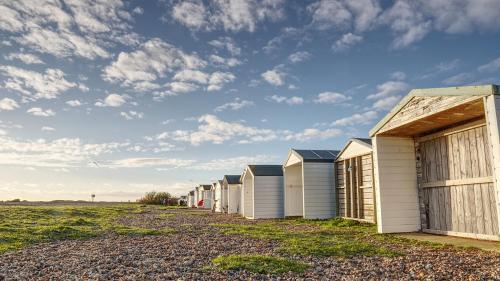 a row of beach houses on a gravel road at Modern Seaside Townhouse feat Sauna near Brighton in Shoreham-by-Sea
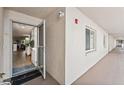 Bright condo entrance with tiled floors, and a view into the living area at 1150 Carmel Cir # 503, Casselberry, FL 32707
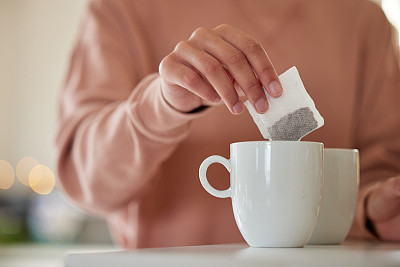 一个女人把一个茶包扔进一个等待着的杯子里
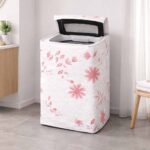 Floral EVA washing machine cover with top zipper for 9 to 11kg top load washer in modern bathroom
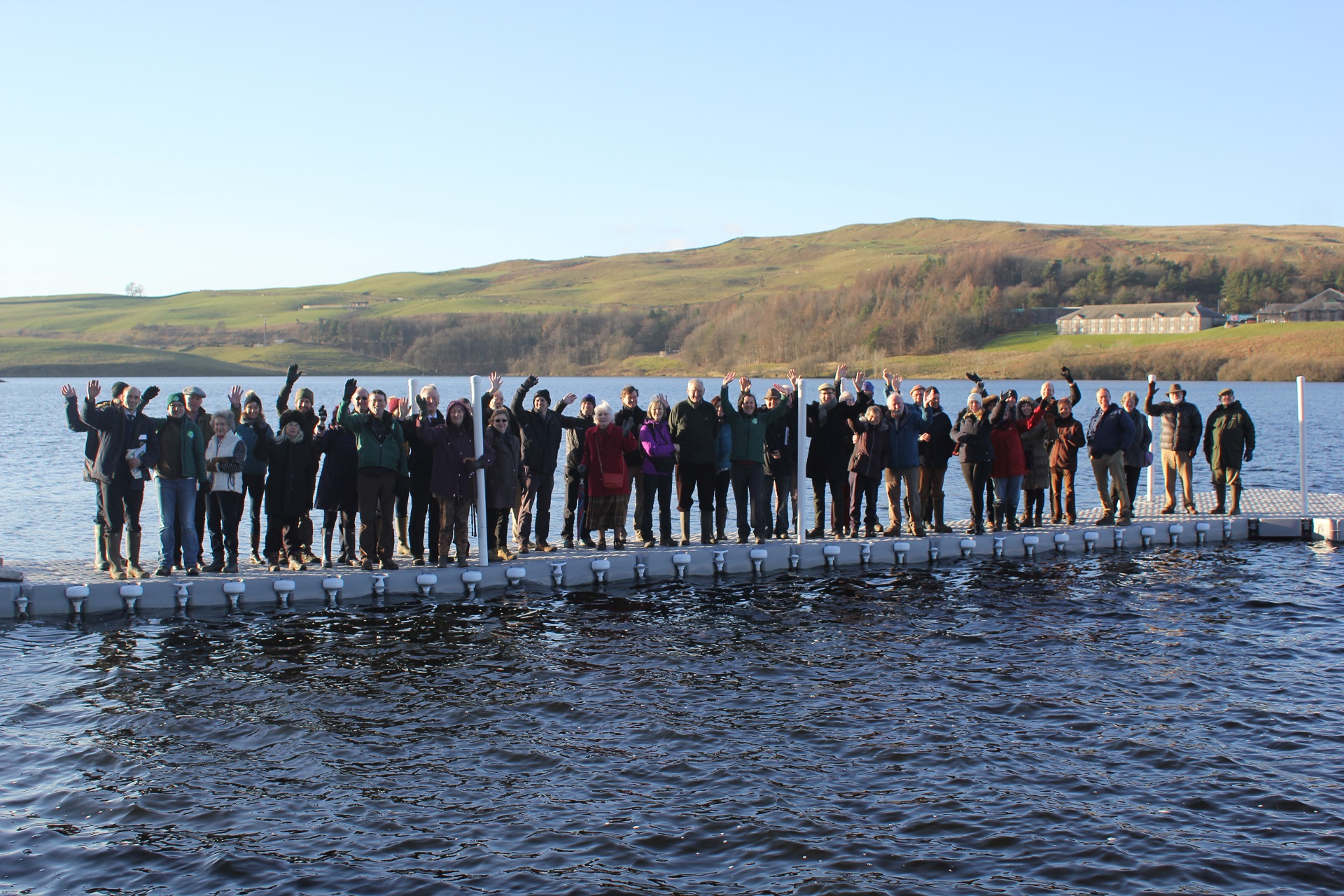 Members of Community Energy Cumbria celebrate the official launch of their hydro scheme at Killington Reservoir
━━━━━━━━━━━━━━━━━━━━━━━━━━━━━━
Your answer should be an exact copy of the records above, with no pictures in it.

» ANSWER SPACE
 a row of beach houses on a gravel road at Modern Seaside Townhouse feat Sauna near Brighton in Shoreham-by-Sea
 Bright condo entrance with tiled floors, and a view into the living area at 1150 Carmel Cir # 503, Casselberry, FL 32707
 一个女人把一个茶包扔进一个等待着的杯子里
 Floral EVA washing machine cover with top zipper for 9 to 11kg top load washer in modern bathroom
 Members of Community Energy Cumbria celebrate the official launch of their hydro scheme at Killington Reservoir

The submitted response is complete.